Plenty. According to plans recently announced the zoo is expanding many exhibits, adding to them, and giving the overall visitor experience an improved wow factor.
The parking will be expanded and changed going from a lot to a garage. The entrance will be more grand and inviting. Almost immediately visitors will see the animals. The Elephants are planned to move across the zoo and into a new open area, like the Africa section, that is five times as large. The Rhinos also will move in to this area.
Like the continent of Africa before it, Australia is getting a home in the Zoo. Wildlife Canyon will be transformed in to a two-story home for kangaroos and other animals of the land down under. The little penguins, which are native to Australia, are also getting an expanded home in the new section. Above the animals will be a new ropes course. This course will give visitors a chance to challenge themselves as the climb and swing high up in the air.
All of the changes and expansions are expected to be completed by 2025.

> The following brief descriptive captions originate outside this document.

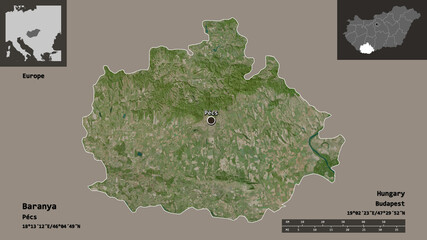 Baranya, county of Hungary,. Previews. Satellite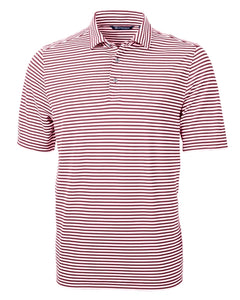 Eco Pique Striped Polo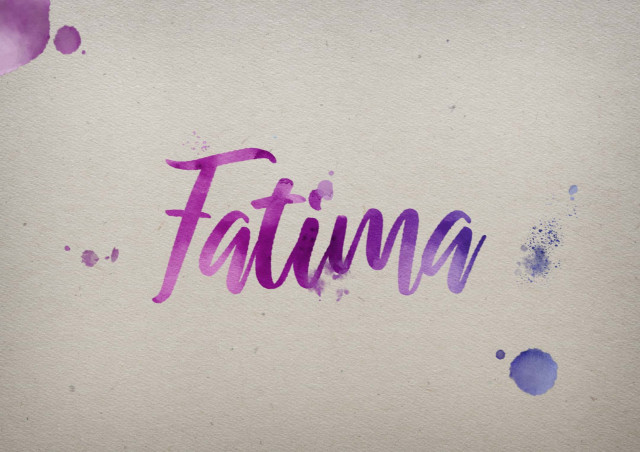 Free photo of Fatima Watercolor Name DP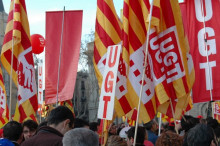 ugt, barcelona, manifestació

Beyond the cosmetic changes coming the Zoo is using the improvements to help enrich the lives of the animals they take care of. As has been seen in zoo across the world, happy animals breed better. The new expansions will be designed to both enrich the visitors experience and the lives of the animals. By using evidence based understandings of animal behaviors the Zoo hopes to be able to expand its world famous husbandry program. Their commitment is to animal care has grown over the years and will expand along with the coming years:
“We will transform the Zoo’s physical landscape by renewing facilities, habitats and gardens so that the Zoo setting matches our growing expertise in animal care, education, conservation and horticulture. We strive to lead in the ever-progressing world of zoos and aquariums, learning from the latest in evidence-based understanding of how animals behave, and implementing changes to promote animal excellence. We’ll advance behavior-based husbandry, increase complexity of habitats, and introduce pioneering animal health techniques and reproductive strategies in the pursuit of outstanding animal care.”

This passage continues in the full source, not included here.